95% of the time the reason teams "need" that is bullshit internal politics and everyone is better off if you can structure the organisation to not do that.
Depends on the company.

When I worked for a larger company with a pretty mature product, this was true - deadlines were internal and arbitrary. It also helped that the product was more of a “nice to have” for our customers than “absolutely crucial” - they didn’t truly NEED anything it did (it was software to make social media marketing more efficient).

But I’m now at a smaller Enterprise SaaS startup, where the product is absolutely crucial to the customer’s work (core operational software for public transportation agencies). The reality is that the product isn’t yet mature enough to close big sales without making sales commits. I dislike sales commits, but we’d legitimately lose every big RFP unless we commit to adding the ~2-5 features they really, truly need that we don’t yet have. And sales commits come with real, external due dates, that you need to be able to meet if you don’t want to piss off your customers. You need to be able to say “yeah, we can build X by date Y”, and then actually deliver on that.

This is one of the reasons I’ve stayed where I am for so long. I get paid a nice six figure income to work on a training platform that is useful, but not critical. It is a low stress job with little to no critical dates.
> The reality is that the product isn’t yet mature enough to close big sales without making sales commits. I dislike sales commits, but we’d legitimately lose every big RFP unless we commit to adding the ~2-5 features they really, truly need that we don’t yet have. And sales commits come with real, external due dates, that you need to be able to meet if you don’t want to piss off your customers.

That's just pushing the issue one level higher. Most likely both the customer and you would be happier if you were able to iterate with them rather than building the thing they thought they would want however many months back. (And while it may be harder to set up that kind of contract, it's absolutely possible)

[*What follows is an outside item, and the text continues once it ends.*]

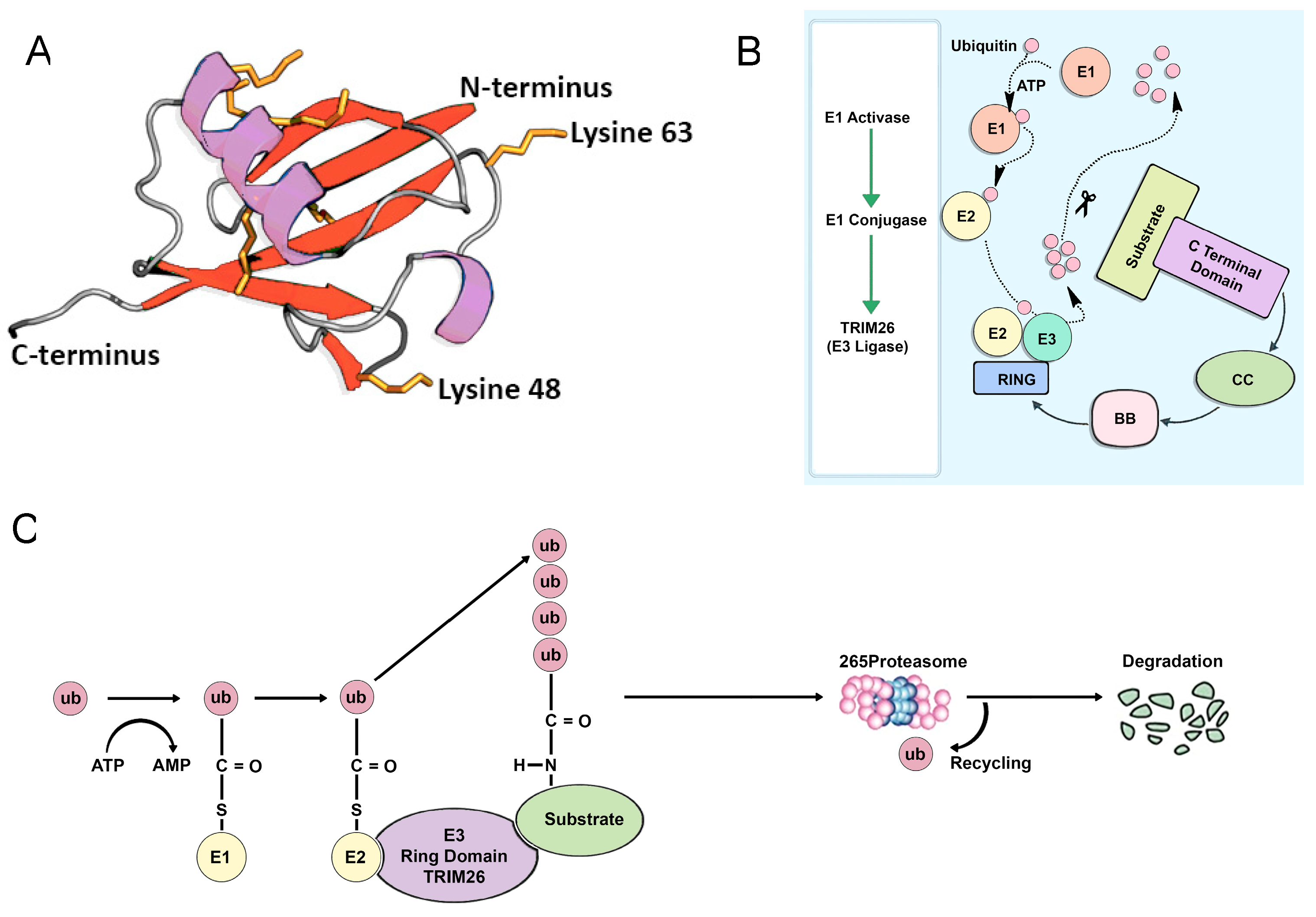 Genes 15 01476 g006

> Most likely both the customer and you would be happier if you were able to iterate with them rather than building the thing they thought they would want however many months back. (And while it may be harder to set up that kind of contract, it's absolutely possible)

Possible? Sure. Just like it's possible that I could win the national lottery.

In practice, multiple companies bid for contracts, and all of the bids have to be of the form "Deliver $X in $Y months for $Z dollars".

No company is going to accept "Choose us, and we'll work until you're happy with the product or you run out of money, whichever comes first".

Agile doesn't work where there's competition for the project. It can't, because the buyer of that project cannot evaluate "we'll work until your money runs out" against the other bids that state "$X in $Y months for $Z dollars".

Agile works well for internal teams that are sheltered from having to provide competitive bids.

One approach is value-based contracts: "we'll work with you and charge X% of the value we deliver."
> One approach is value-based contracts: "we'll work with you and charge X% of the value we deliver."

Which still loses to the other bidders who say "$X in $Y months for $Z dollars".

The problem is winning the RFPs. There are some core features and integrations that they really, really want. If we don’t have them, and won’t give a firm commitment to building them, we lose the RFP.

“We’ll work collaboratively and evolve the product over time in yet-to-be-determined ways” can work when you have an established relationship and 2-way trust, but there’s not much of that during an RFP. If a competitor commits to their biggest asks, and we don’t, we lose the RFP.

Its an example of bad leadership. You see it often. Higher management thinks product x can be ready in a y period. Reality is much different. One of the key reasons why companies and products fail.
This is not true for most. Imagine going to a contractor to get a house built and they tell you that they can’t tell you what it will cost or when it will be done.
You have obviously never built a house in the U.S., otherwise you would never make such a statement.

As almost everyone knows, construction delays and cost overruns are the norm, not the outlyer. Construction projects here very often suffer dearly from the "2 more weeks and/or a couple more thousand dollars" overrun issues.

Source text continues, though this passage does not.